I’m unsure whether to chalk it up to extreme diligence or just paranoia on their parts, but my students here seem to be atypically obsessed with their final papers and the (open book, open notes) final in my research methods class. I had at least 20 (of 33) students in a review session Monday night, I met with about a half-dozen today, and I expect to meet with at least another half-dozen tomorrow. It’s not a bad thing, just not what I really expected.

Monday, 12 December 2005

MSNBC tries to make sex sell

Cable news also-ran MSNBC, best known for being the current organization signing Keith Olbermann’s paychecks, has decided to blow $1 million on an online advertising binge that is notable for two reasons: its use of imagery that wouldn’t be out of place on a sign for a strip club, and its abysmal failure to direct any cash toward the proprietor of this blog.

Dead men can vote

It turns out that the Memphis neighborhood known as “New Chicago” isn’t the only way in which the Bluff City resembles the Windy City: at least one man who died August 6th voted on September 15th in a special election that, by sheer happenstance, replaced disgraced former State Sen. John Ford with his sister Ophelia. Ms. Ford won the hotly contested race by 13 votes; the dead man’s participation raises the number of illegally-cast ballots discovered to 5 thus far.

Mungowitz sighted

Mungowitz may be ended in the blogosphere, but his alter ego lives on elsewhere: Robert Lawson of Division of Labour posts a link to Mike Munger’s recent talk at Capital University, entitled “Democracy is Overrated.”

Also, a Munger quote graces the front page of today’s Raleigh News & Observer in the latest article about my erstwhile colleague and administration advisor Peter Feaver—the latter link coming courtesy of the departmental mailing list, where there is some guffawing about the characterization of our department as “left-leaning” and the (apparently false) statement that mutual colleague Chris Gelpi’s door has “anti-war posters” on it.

Sunday, 11 December 2005

UK support = no discernible benefit

I realize I’m not making the tenured-law-school-faculty big bucks these days, but some of Glenn Reynolds’ analysis deserves a second look:

More importantly, the persistence of the whole [uranium in Niger] issue demonstrates the colossal folly of the Bush Administration’s effort to take the United Nations seriously in 2002, something that—like Bush’s failure to fire a lot of people at the CIA following 9/11—has led to considerable grief and no discernible benefit.

I guess the certitude that the U.S. wouldn’t have had the support of Britain, Spain, and Italy in launching the war in Iraq without the “effort to take the United Nations seriously” isn’t a “discernible benefit” in Glenn’s book.
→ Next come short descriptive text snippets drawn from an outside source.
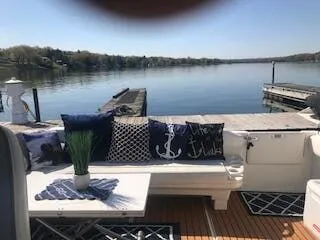 Slide: The Image of 1999 Sea Ray Sundancer with stylish deck and lake view. - 6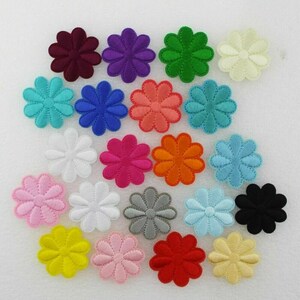 May include: Assortment of 20 colourful felt flower appliques. Each flower is approximately 1.5 inches in diameter and has a 7-petal design. The colours include red, pink, orange, yellow, green, blue, purple, white, black, and grey.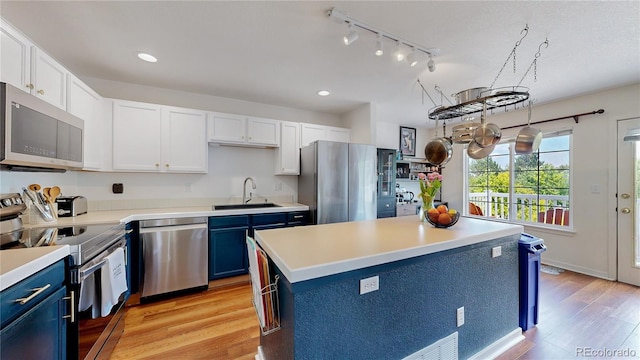 2560 Concord Cir, Lafayette, CO 80026 - kitchen featuring appliances with stainless steel finishes, blue cabinets, white cabinets, light countertops, and recessed lighting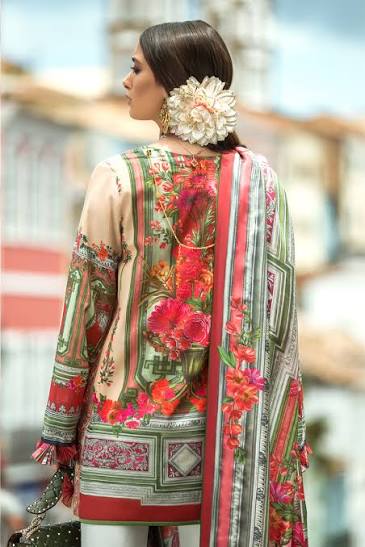 A woman shown from the back wearing a multicolor printed traditional outfit with a floral pattern, featuring a beige base with red, pink, and green designs, a matching dupatta, and a large white flower accessory in her hair.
How soon he forgets the unbearably cheesy “Click Here to Thank Tony” ad that used to run on his sidebar!

Saturday, 10 December 2005

Coming out Flatt

Ethan Flatt, the on-again, off-again starting quarterback of your Ole Miss Rebels, has decided to take his bachelor’s degree and run rather than return for his senior season, a move that had been widely speculated in the media. More likely than not, this will mean a return under center for Robert Lane (most recently seen at fullback), as he’s the only QB left on the depth chart with any playing time whatsoever.

No, it isn't just you

Steven Taylor asks:

[I]s the Heisman ceremony boring and, well, lame?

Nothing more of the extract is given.